1. A judgment reciting that a verdict has been returned in favor of the defendants and awarding costs against the plaintiff for use of the officers of the court in legal contemplation makes the verdict of the jury the judgment of the court and is a final judgment from which an appeal will lie.
2. Where a final judgment has been entered upon a verdict, there is no error in refusing to enter another.
After return of a verdict for the defendants in a trover action, the court on February 25, 1967, entered the following judgment: "The jury impaneled to try the within cause having found in favor of the defendants, it is hereby ordered, adjudged and decreed that the defendants do have and recover of and from the plaintiff and his attorney at law, Joseph B. Bergen, 1
for the use of the officers of this court, the sum of $99.40, being the costs of this proceeding."
Thereafter on March 21, 1967, plaintiff filed his notice of appeal "from the verdict of the jury trying the issues therein in favor of the defendants returned on February 25, 1967, and the judgment entered on said verdict on February 25, 1967," which he amended May 9, 1967, to include a full recital of the judgment itself, and which he voluntarily withdrew May 31, 1967.
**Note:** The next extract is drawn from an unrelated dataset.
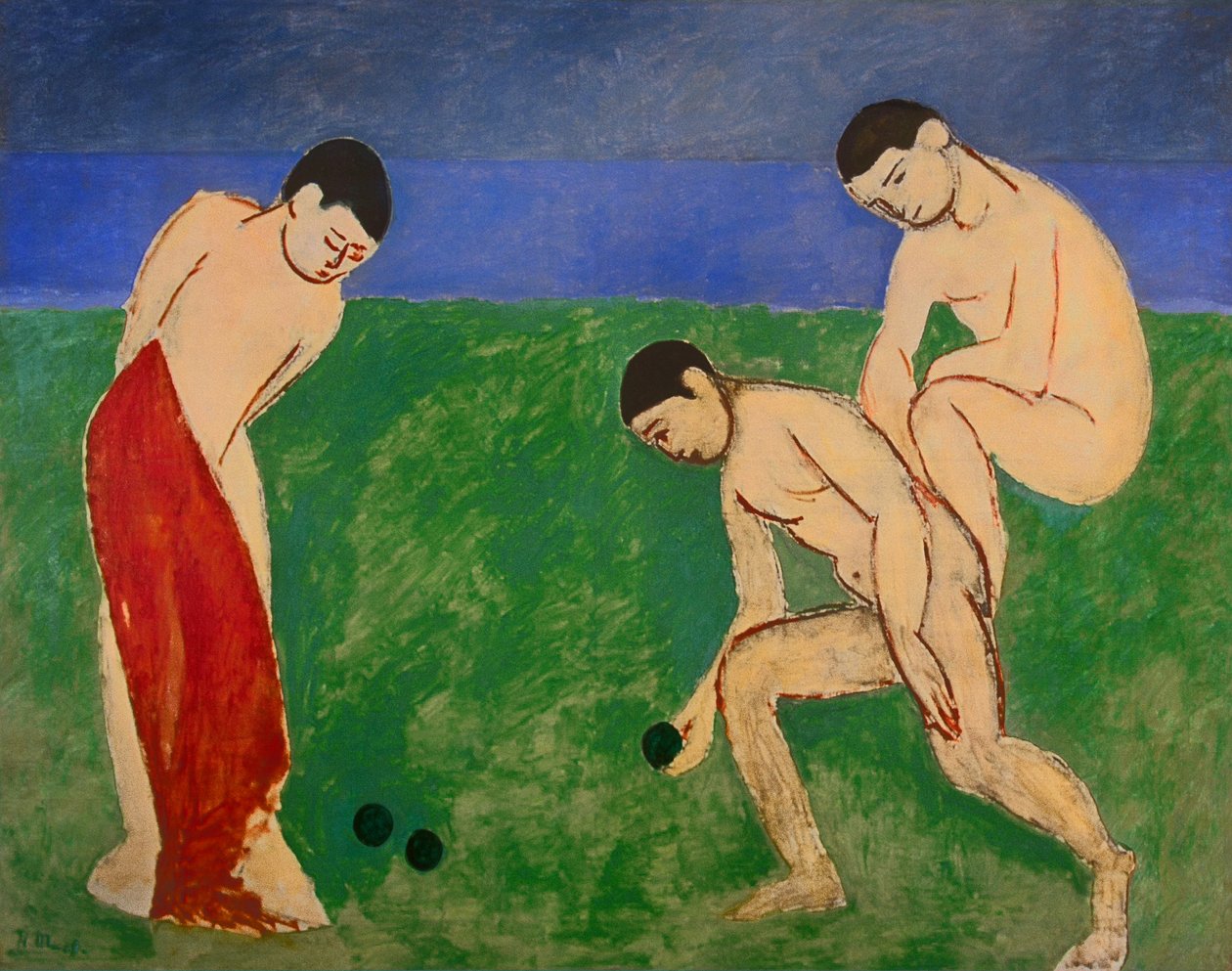  by Henri Matisse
On August 16, 1967, plaintiff filed his motion for an entry of judgment on the verdict, asserting that no appealable judgment had been entered thereon, and on September 6, 1967, the court entered its order reciting that the judgment entered February 25, 1967, was a final judgment on the verdict, affording to the defendants all the relief to which they were legally entitled and, in legal contemplation, making the verdict the judgment of the court, and declined to enter any further judgment in the matter.
From that order plaintiff filed his notice of appeal October 4, 1967, and his only enumeration of error is that "the trial court erred in failing to sustain plaintiff's motion to enter judgment on the verdict in favor of the defendants from which an appeal from such judgment call be made."
We conclude that it is. In our judgment the trial judge correctly concluded that the effect of the judgment was to make the verdict of the jury the judgment of the court, bringing an end to the litigation, and affording the defendants all of the relief to which they were lawfully entitled thereunder. Since there was no award of either money or property to the defendants by the verdict, but simply a denial of the plaintiff's claim against them, we perceive no addition necessary to the judgment to give it effect or to make it the judgment of the court on the verdict. No form for such a judgment is prescribed by statute, and strict formality is not essential to the validity of a judgment, but if the record is sufficient in substance mere want of technical terms will not render it either void or voidable. McWilliams v. Walthall, 65 Ga. 109. Every presumption is in favor of the validity of the judgment when rendered by a court having jurisdiction of the subject matter and of the parties, as was the case here. Mitchell v. Arnall, 203 Ga. 384 (47 SE2d 258). We must conclude that it was the purpose of the judgment of February 25 (as is recited in the order declining to enter a further judgment) to make the verdict of the jury the judgment of the court. It was thus a final judgment from which an appeal would lie.
2. Plaintiff misjudged the matter in withdrawing his notice of appeal from that judgment, seeking another and appealing from the order denying his motion for entry of another, rather than appealing from the first judgment. Having already entered a final judgment on the verdict, there was no error in declining to enter another.